<ウエスタン・リーグ:中日6-1阪神>◇6日◇ナゴヤ

 あこがれのエース打ちをパワーに!

 阪神のドラフト1位ルーキー伊藤隼太外野手(23=慶大)が、ウエスタン・リーグ中日戦で先発の川上憲伸投手(36)から2安打を放った。愛知県瀬戸市出身で中日ファンだった伊藤隼にとって川上は夢の存在。この結果を飛躍のキッカケにしたい。

 あこがれの右腕を打った。初回、伊藤隼が川上の真っすぐを中前にはじき返した。さらに3回、今度はカットボールを豪快に打ち、中越え二塁打とした。3度目の対戦だった6回の中飛もしっかり捉えた当たりだった。

 「そりゃ、たまには打ちますよ」。2安打に対する言葉は少々、素っ気なかったが、話が川上に移ると少しだけ目が輝いた。

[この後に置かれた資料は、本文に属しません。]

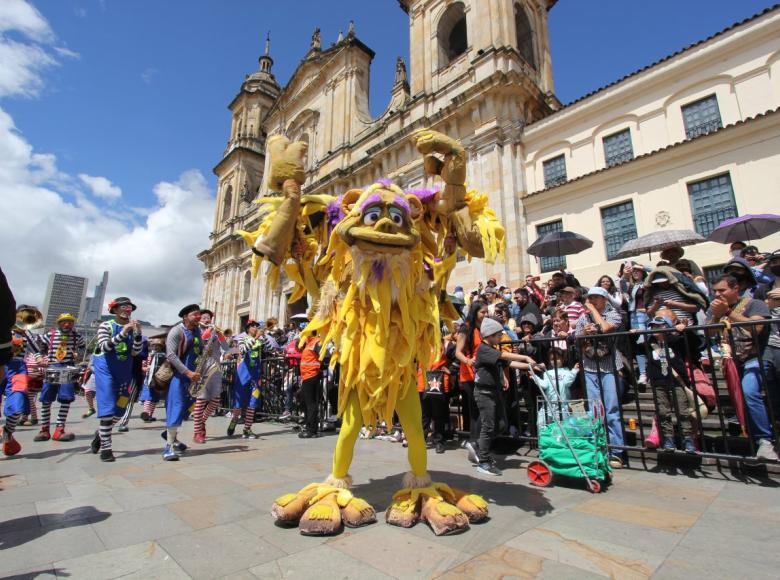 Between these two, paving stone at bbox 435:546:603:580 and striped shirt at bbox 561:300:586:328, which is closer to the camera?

 「きょうは楽しみにしていました。子どもの頃から中日ファンだったんで。川上さんはすごく頼れるエースでしたからね。もちろん試合で打席に入ったらそんなことは考えていませんでしたけど…」

 かみしめるように話した伊藤隼。鳴り物入りルーキーに苦悩の日々が続く。固め打ちしたと思っても好調は続かず、思うような結果も出ない。象徴的だったのは2日オリックス戦(淡路)後。この試合、味方打線は14安打を放ち、首位チームに快勝したが伊藤隼は5の0と蚊帳の外。あまりの悔しさに目元を赤くしていた。

 技術的には打撃ポイントの近さが指摘されるところだ。「どうしても引きつけて打ちたいんやな。きょうみたいにポイントを前にして打てば、いい結果が出るんやけどなあ」。立石2軍打撃コーチはそう話す。分かっていてもできないというのがプロの難しさだ。

 それでも落ち込んでいても始まらない。毎日戦うのもプロ。ビッグネームを打って励みになるか。そう問い掛けると「きっかけにしたいですね」とうなずいた伊藤隼だった。